▶ _INSTRUCTIONS TO FOLLOW_:
From the line that includes "7030 North Ionia Avenue Chicago IL 60646" to the last line of the records that follow, copy every line exactly and nothing more, omitting pictures.

▶ _DATASET RECORDS_:

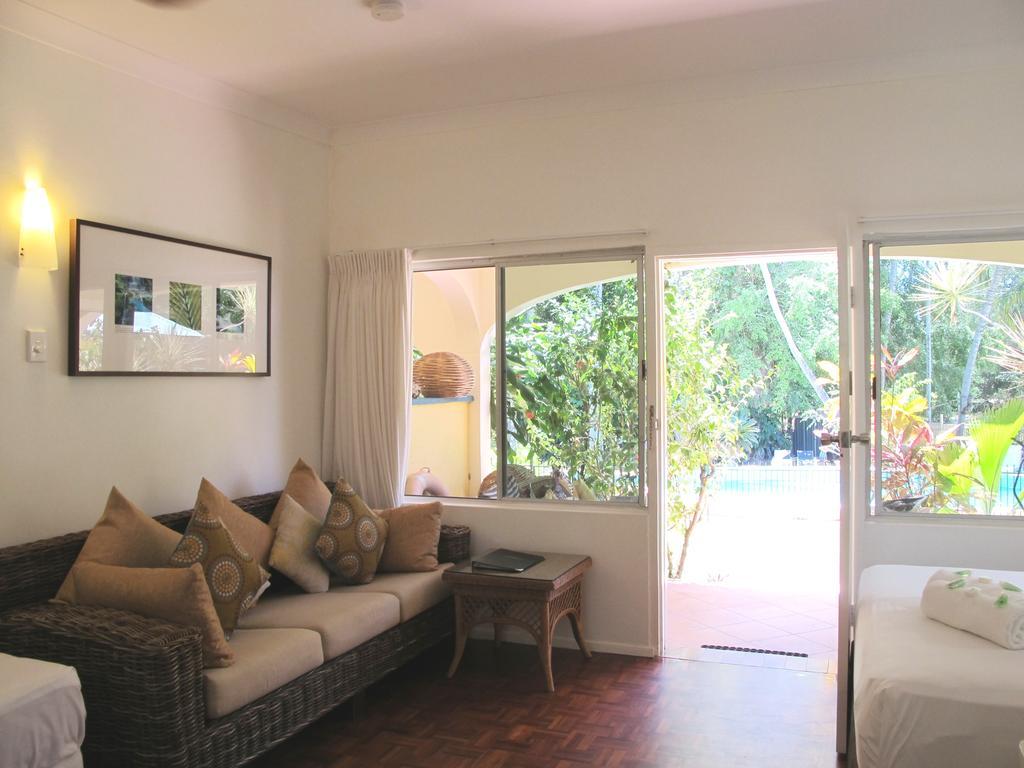 Villa Marine Holiday Apartments Cairns Yorkeys Knob ภายนอก รูปภาพ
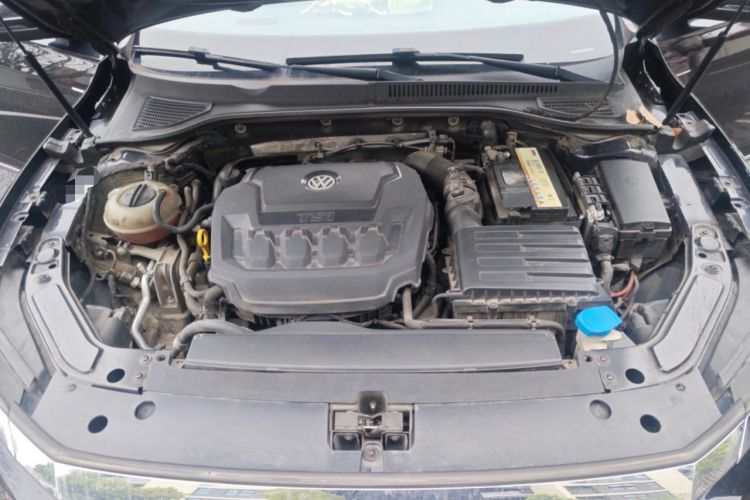 Used Volkswagen Passat 2019 330TSI Luxury Edition China VI Standard Engine Bay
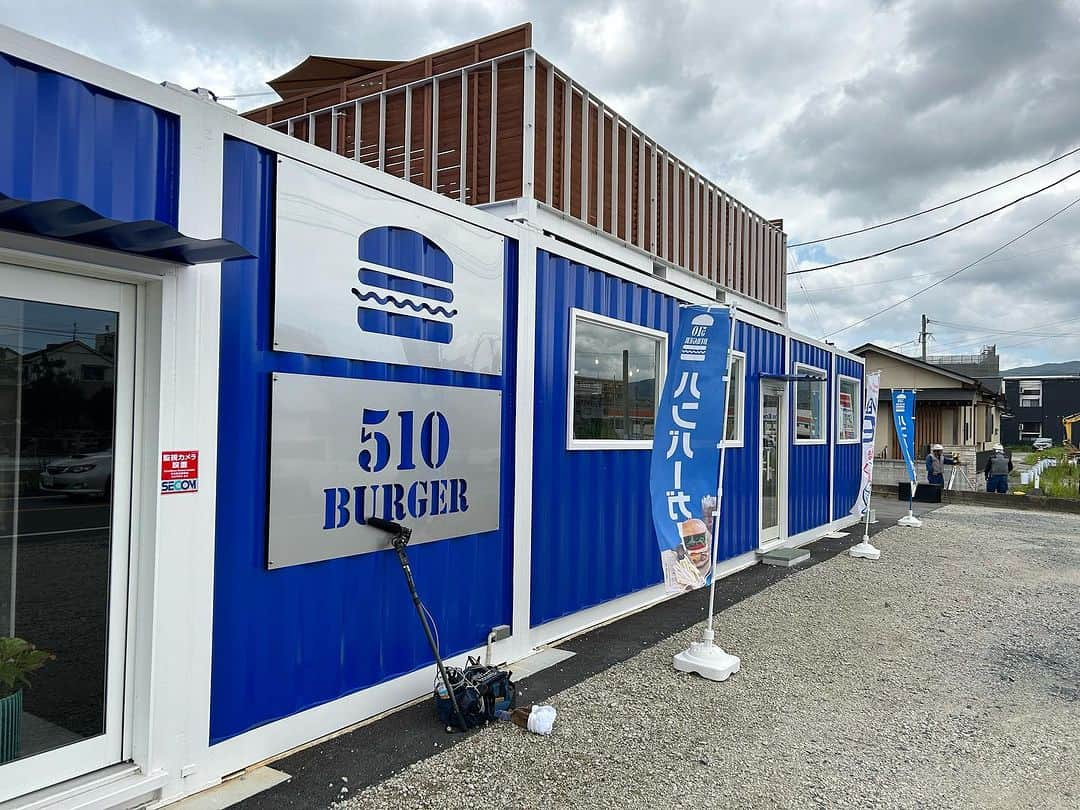 川原豪介さんのインスタグラム写真 - (川原豪介Instagram)「テレQばりすきロケ。ハーレーとハンバーガーのお店🍔🏍️ ハーレーバリかっこよかった！ 原付しか乗った事ない😭 ブンっ！ #ばりすき #テレQ #ハーレーダビッドソン」9月8日 12時49分 - blueriver_kawa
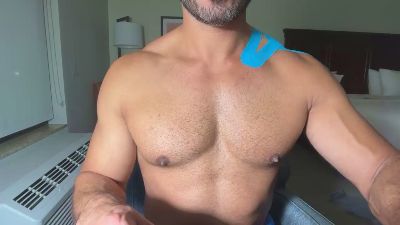 super_morenohot live cam on Cam4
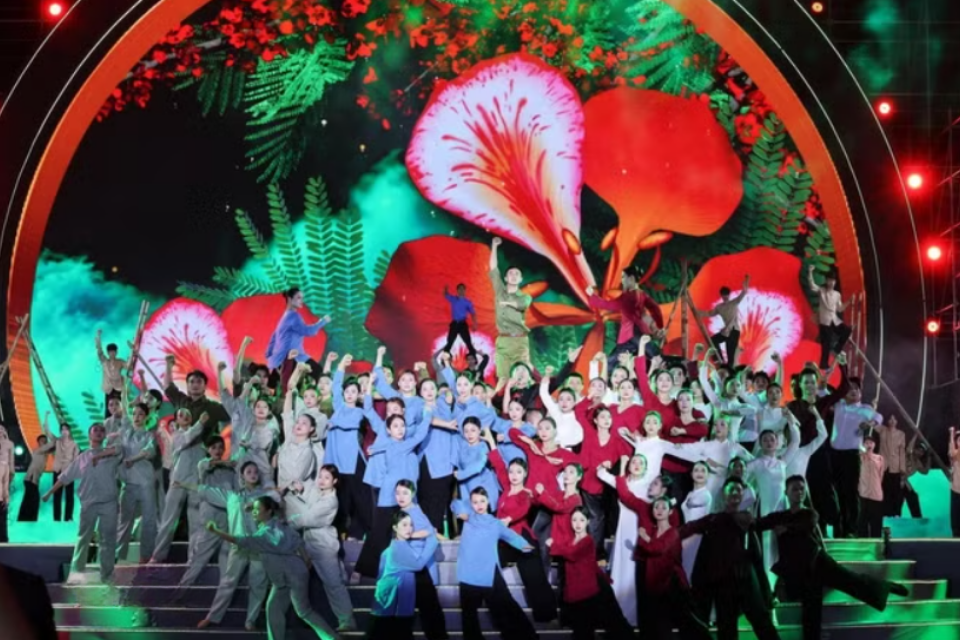 le-hoi-hoa-phuong-do.png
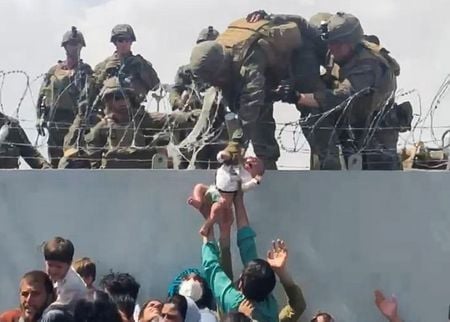 Bebê é entregue a soldado dos EUA no aeroporto de Cabul, no Afeganistão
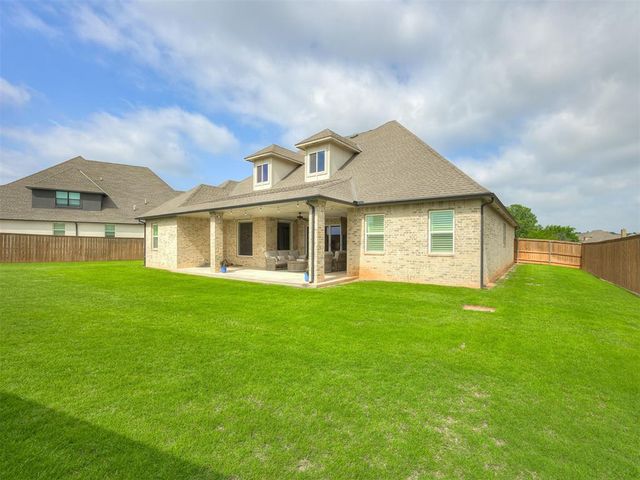 2312 Stone Mill Court, Yukon, OK 73099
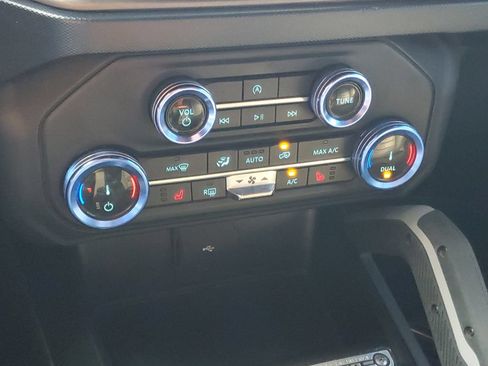 Used 2022 Ford Bronco Outer Banks AWD/4WD image 24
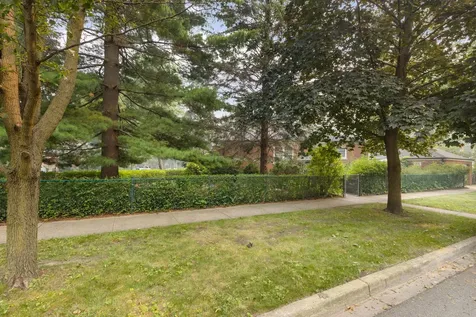 7030 North Ionia Avenue Chicago IL 60646
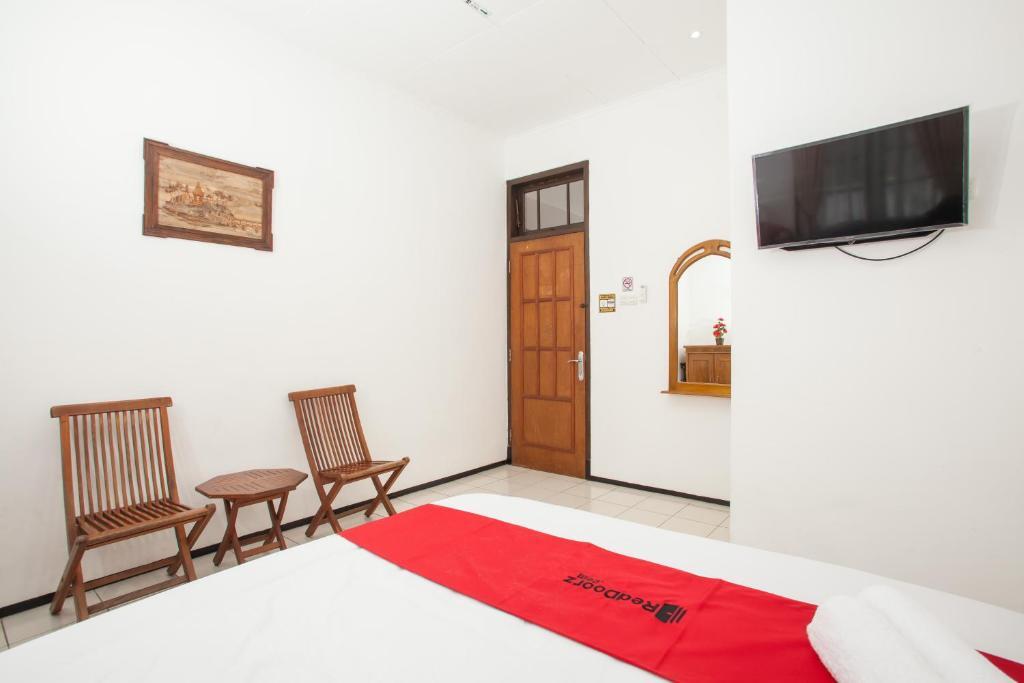 Маланг: RedDoorz near Sanan Malang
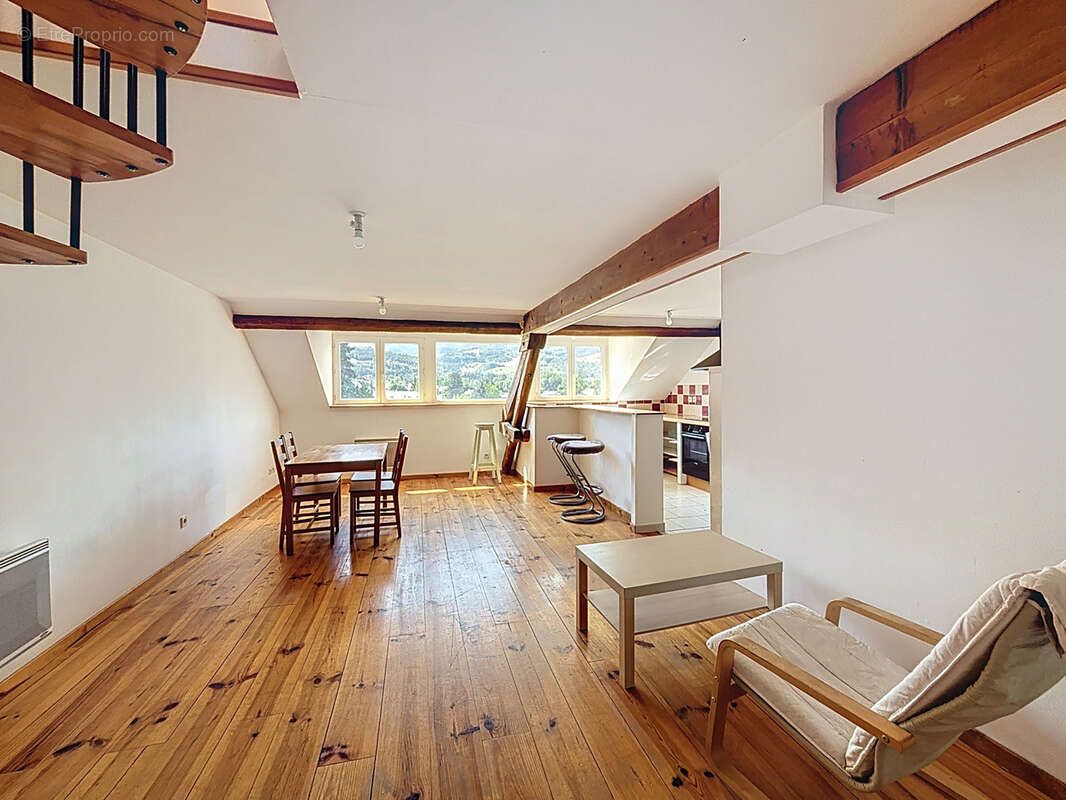 Appartement à JAUSIERS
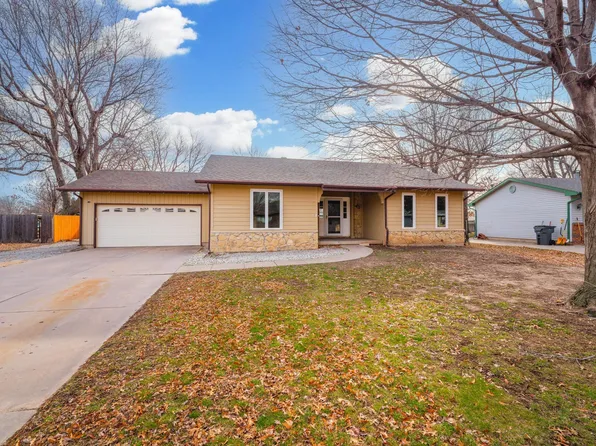 406 Peach Tree Ln, Haysville, KS 67060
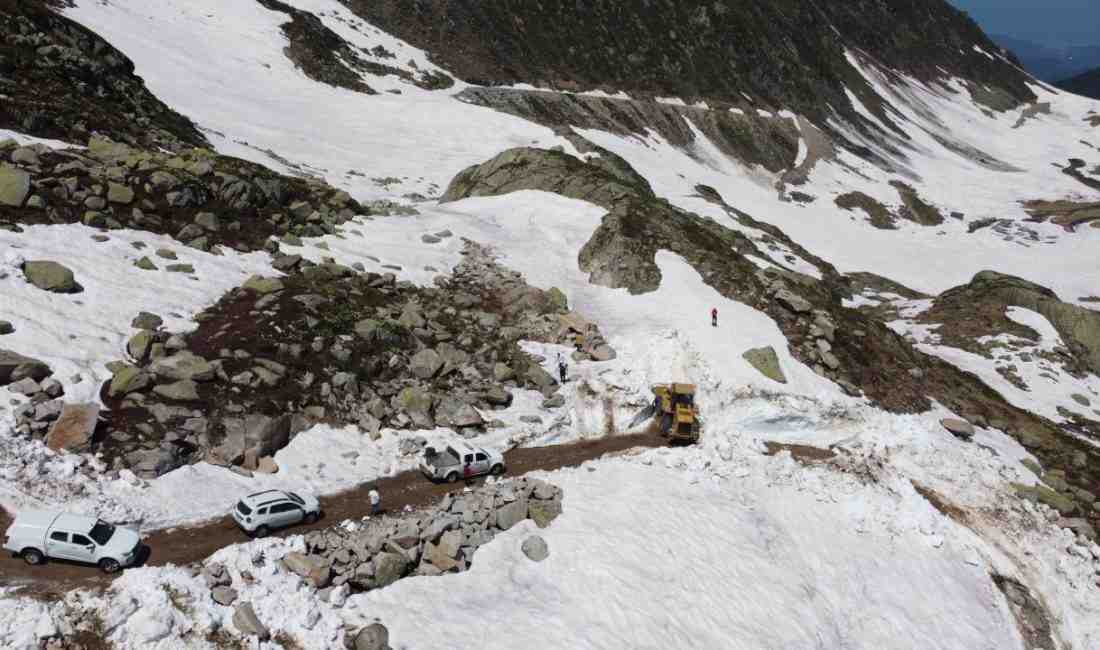 Rize’de İl Özel İdaresi ekipleri, yaz ayları yaklaşırken yaylalara göç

▶ _REPLY_:
 7030 North Ionia Avenue Chicago IL 60646
 Маланг: RedDoorz near Sanan Malang
 Appartement à JAUSIERS
 406 Peach Tree Ln, Haysville, KS 67060
 Rize’de İl Özel İdaresi ekipleri, yaz ayları yaklaşırken yaylalara göç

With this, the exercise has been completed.